Litz wire is a type of cable used in electronics to carry alternating current. The wire is designed to reduce the skin effect and proximity effect losses in conductors used at frequencies up to about 1 MHz. It consists of many thin wire strands, individually insulated and twisted or woven together, following one of several carefully prescribed patterns often involving several levels (groups of twisted wires are twisted together, etc.). The result of these winding patterns is to equalize the proportion of the overall length over which each strand is at the outside of the conductor, an effect not achieved with simple twisted-strand hookup wire.

The term litz wire originates from Litzendraht (coll. Litze), German for braided/stranded wire or woven wire.

Litz wire reduces the degree of the skin effect and the proximity effect.

The resistance of a conductor at DC (0 Hz) depends on its cross-sectional area. A conductor with a larger area has a lower resistance. The resistance also depends on frequency because the effective cross-sectional area changes with frequency. For alternating currents (AC), the skin effect causes the resistance to increase with increasing frequency.

For low frequencies, the effect is negligible. For AC at frequencies high enough that the skin depth is small compared to the conductor size, the skin effect causes most of the current to flow near the conductor's surface. At high enough frequencies, the interior of a large conductor does not carry much current.

So round conductors such as wire or cables larger than a few skin depths do not conduct much current near their axis, so the central material is not used effectively.

One technique to improve the efficiency is to reduce amount of material that does not carry current by making the conductor of hollow tubing. The large surface area of the tube conducts the current with much less resistance than a solid wire with the same cross-sectional area would. The tank coils of high power radio transmitters are often made of copper tubing, silver plated on the outside, to reduce resistance.

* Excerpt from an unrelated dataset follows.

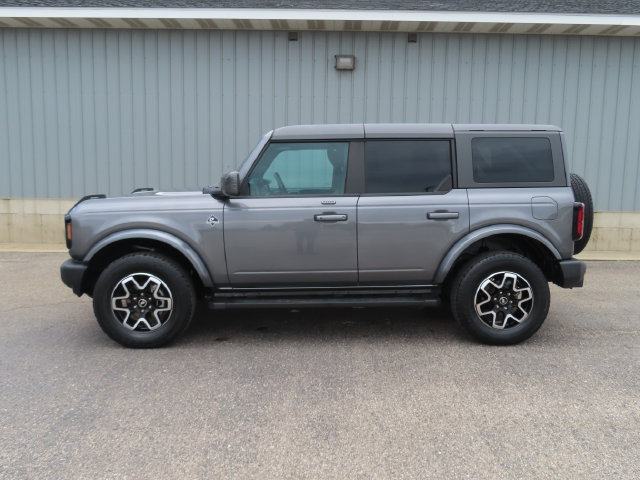 Used 2022 Ford Bronco Outer Banks AWD/4WD image 8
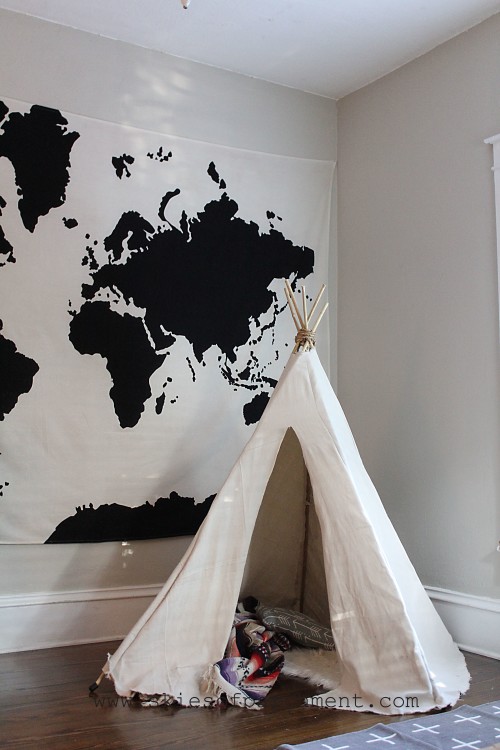 teepees and big maps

Litz wire is another method, which employs a stranded wire with individually insulated conductors (forming a bundle). Each thin conductor is less than a skin-depth, so an individual strand does not suffer an appreciable skin effect loss. The strands must be insulated from each other—otherwise all the wires in the bundle would short together, behave like a single large wire, and still have skin effect problems. Furthermore, the strands cannot occupy the same radial position in the bundle over long distances: the electromagnetic effects that cause the skin effect would still disrupt conduction. The weaving or twisting pattern of the wires in the bundle is designed so that the individual strands are on the outside of the bundle for a distance (where the EM field changes are smaller and the strand sees low resistance), and are inside for a distance (where the EM field changes are the strongest and the resistance is higher). If each strand has a comparable impedance, current is distributed equally among every strand within the cable. This allows the interior of the litz wire to contribute to the overall conductivity of the bundle.